In the complaint, as well as in the government’s proposed permanent injunction, the government sought an order prohibiting Serra and its co-owners from “receiving, preparing, processing, packing, holding, and distributing all food at or from their facility . . . unless and until” they bring such operations into compliance with the FDCA and FDA’s regulations “to FDA’s satisfaction.” Id. at 8-9.

Ruling on a motion for summary judgment filed by the government, the Court held that the company had violated the FDCA by introducing adulterated food into interstate commerce and causing food to become adulterated while it was held for sale after shipment, and it granted the government’s motion for summary judgment. Order at 10. The Court held that the government was entitled to injunctive relief, but noted that it was “not disposed to immediately close the facility; the fact that it has continued to operate during the pendency of the case is of significance.” Id. at 14. The court then ordered the parties to reach a resolution on the language of the injunction.

It appears that the government acquiesced in the judge’s concern that Serra be permitted to continue operations, despite the government winning its motion for summary judgment. The only issue that the government and defendants were unable to resolve without the Court’s involvement was the extent of time for which the injunction would remain in effect. The government wanted it to remain for five years; the defendants wanted a sunset provision of one year.

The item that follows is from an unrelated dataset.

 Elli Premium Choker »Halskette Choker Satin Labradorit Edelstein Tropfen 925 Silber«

In the injunction issued on April 4, 2016, the Court imposed various cGMP controls and reporting requirements upon the defendants, presumably as the parties had negotiated, but it sided with the government by imposing a five-year sunset provision. The Court, however, did not order a shutdown of Serra’s operations.

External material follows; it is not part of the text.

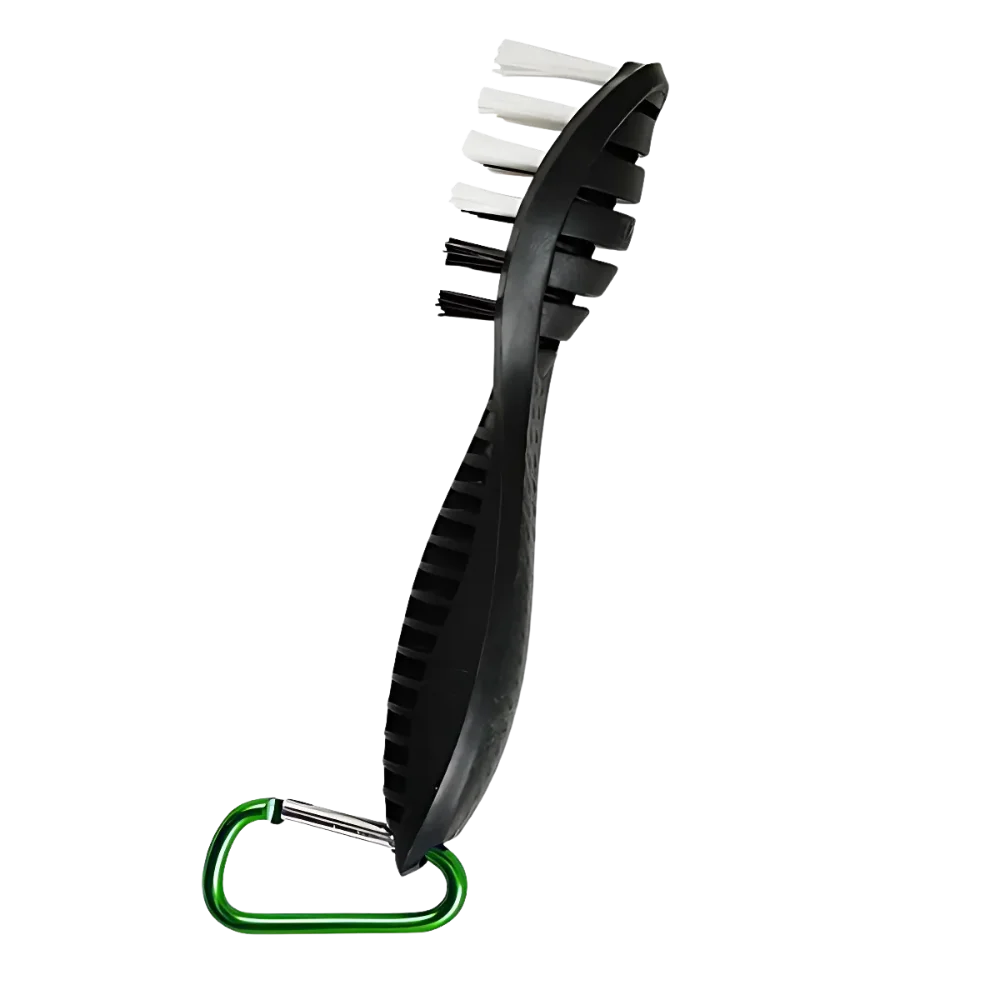 Black utility brush with white bristles and a green carabiner clip on a white background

The most interesting fact in this case is that the Court did not want to allow a shutdown of Serra’s operations, and that the government apparently backed off from seeking this provision in the injunction.

Often, larger drug and device companies will feel the need to ensure peace between them and FDA, and they will not challenge a shutdown provision in a proposed FDA injunction for fear of further angering FDA. Food companies, on the other hand, are often smaller, and scrutiny from FDA is rarer than with drug and device companies. These food companies may feel less of a need to stay in FDA’s good graces, and might freely challenge proposed injunction provisions that they believe are too onerous. And, from other cases we have observed, these food companies appear to be having some success with pushing back against shutdown provisions and continuing operations throughout the entirety of the term of an injunction. See, e.g., Permanent Injunction, United States v. Am. Mercantile Corp., No. 2:11-cv-02371 (W.D. Tenn. Nov. 8, 2012) (a case in which this firm represented the defendants).

Of course, all cases are fact specific, and it is impossible to know how a particular court or the government will act in other civil injunction cases. It does appear, though, that, in civil injunction cases, if FDA-regulated companies push back against the government’s proposal for a shutdown of company operations, courts may reject the government’s demand for an injunction that completely shuts down a company’s operations and puts most or all of its employees out of work. And the government may be willing to acquiesce to this objection if properly pushed.